The fact is that corrective taxes are usually targeted at a
particular group and, the more precisely targeted they are, the more
efficient they are. These ‘discriminatory’ taxes are the ones least
likely to be implemented by a government wanting to appear fair and
even-handed: taxing specific groups is a sure way to generate
resentment at your policies.

So, if the taxes we want are equally as unlikely to eventuate as to be
magically fixed by ‘the market’, are we really any less removed from
reality than the blinkered free-marketeers that we scoff at?

5 replies
  1. Matt Nolan
    Matt Nolan says:

    I agree that we focus on the normative, and forget about the positivist descriptions of our policies. But I think we improve on the free-market view by using their methodology to describe cases where government intervention is worthwhile.

    The normative approach we take is mearly the first step in analysing policy, I doubt that we could do anything of a higher level in a blog. By using the logic of partial equilibrium analysis we can describe hypothetical situations where govternment is useful. From there it would be appropriate to look at subjective critisims of the policy and do a cost-benefit analysis of its introduction. I don’t think there is anything wrong with starting on a clean slate, as long as you realise that the actual economies you’re dealing with already have policies in place.

  2. Matt Nolan
    Matt Nolan says:

    Also, even in situation where there is no policy (fart tax), just because interest groups have power in policy does not mean that discussing what would be optimal is wrong. After all we are discussing optimal government policy, not actual government policy.

    This exercise is useful as it teaches us how to view public policy, and how to combat interest groups that aren’t interested in social welfare. Without this sort of normative analysis, policy would be solely dictated by interest groups.

  3. Matt Nolan
    Matt Nolan says:

    My comments aren’t working properly dang it, I wrote a long winded one and it didn’t turn up.
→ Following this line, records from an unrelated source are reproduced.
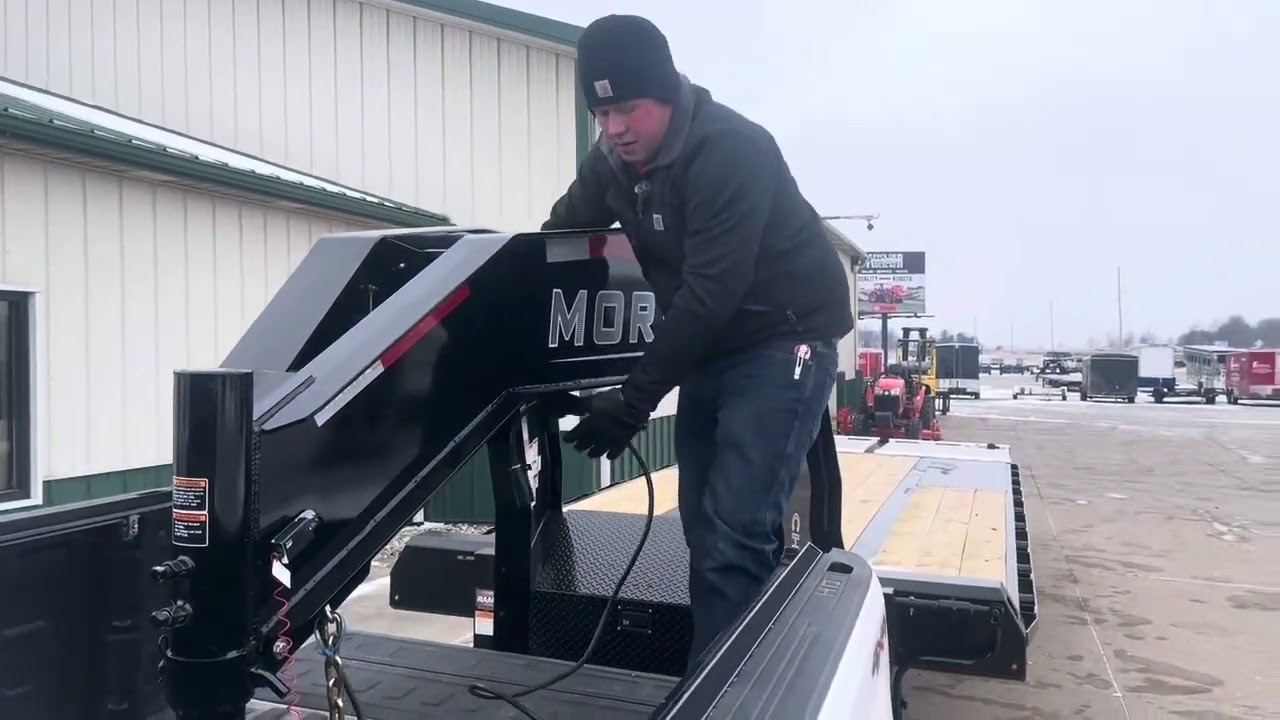 How to Hook Up a Gooseneck Trailer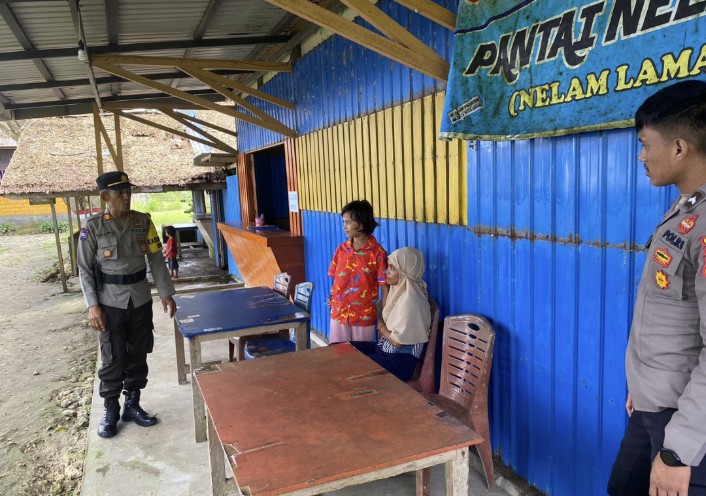Subsatgas Binmas Beri Himbauan Kamtibmas Ke pengunjung Wisata Pantai Nelam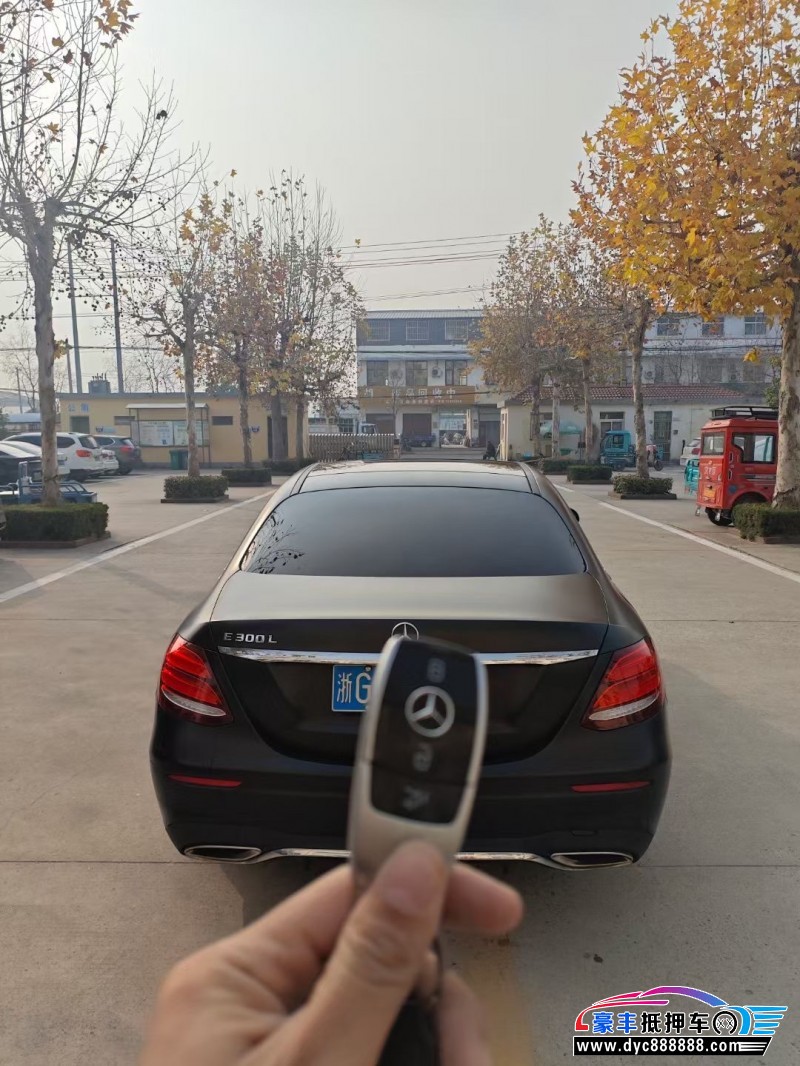 18年奔驰E轿车抵押车出售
    I was critisising my first comment on this post, where I said that we focus on the normative. I was thinking about it, normative stuff is the value judgements that we make, while positivist stuff is the underlying facts. I think we have a different idea on what the underlying premises are, as compared to free-marketeers. But I think our posts don’t make different value judgements than free-marketeers. As a result we focus on the positive part, but ignore normative considerations.

    Is that right? In the first comment I seem to be saying that we use the same facts, but use different value judgements to arrive at different conclusions. Now that I think about it that isn’t what we do. Do you have any ideas?

  4. rauparaha
    rauparaha says:

    I don’t think that free-marketeers see the situation differently from us. I don’t think they necessarily have different values. They just see an alternative to intervention for solving the problems of market failure. To them, market failure can be solved by other markets and government intervention is only likely to worsen the situation. I can see their point: if the history of government intervention shows it to be largely distortionary and not corrective then why favour it? In a way, promoting further intervention fails to acknowledge the reality of the situation.

    I hope that’s what my original post gets at: both interventionists and free-market types (to generalise horribly) have unrealistically idealistic notions, they’re just unrealistic about different things. I think the right way forward lies somewhere in-between. One needs to recognise that the second-best solution is theoretically attractive but often as politically unachievable as the first-best.

  5. Matt Nolan
    Matt Nolan says:

    I think your criticism attacks Dani Rodrik more than it attacks the way we have been writing here. I think he goes a bit far as well, and I agree that as long as we focus on logic and ignore history and subjectivity we will never come up with the right solution.

    I think we both see economics in the same way. Its a discipline where you have to learn some logical tools, but then when it comes to applying your knowledge to reality you have to take into account a wider range of factors, maybe even be a bit multi-disciplinary.

    Like I said before, I don’t think we are criticising free-marketeers on this blog, not in the way Dani Rodrik does. We are just trying to highlight ways in which government intervention could be useful, while supporting the notion that a market efficiently prices in a lot of things.

    Also free-marketeers must see something different to us if we have different conclusions. Like you said the difference is that we are feel government failure can be partially overcome, which is a normative, value-laden assumption. So the first comment was the right one, I get so confused.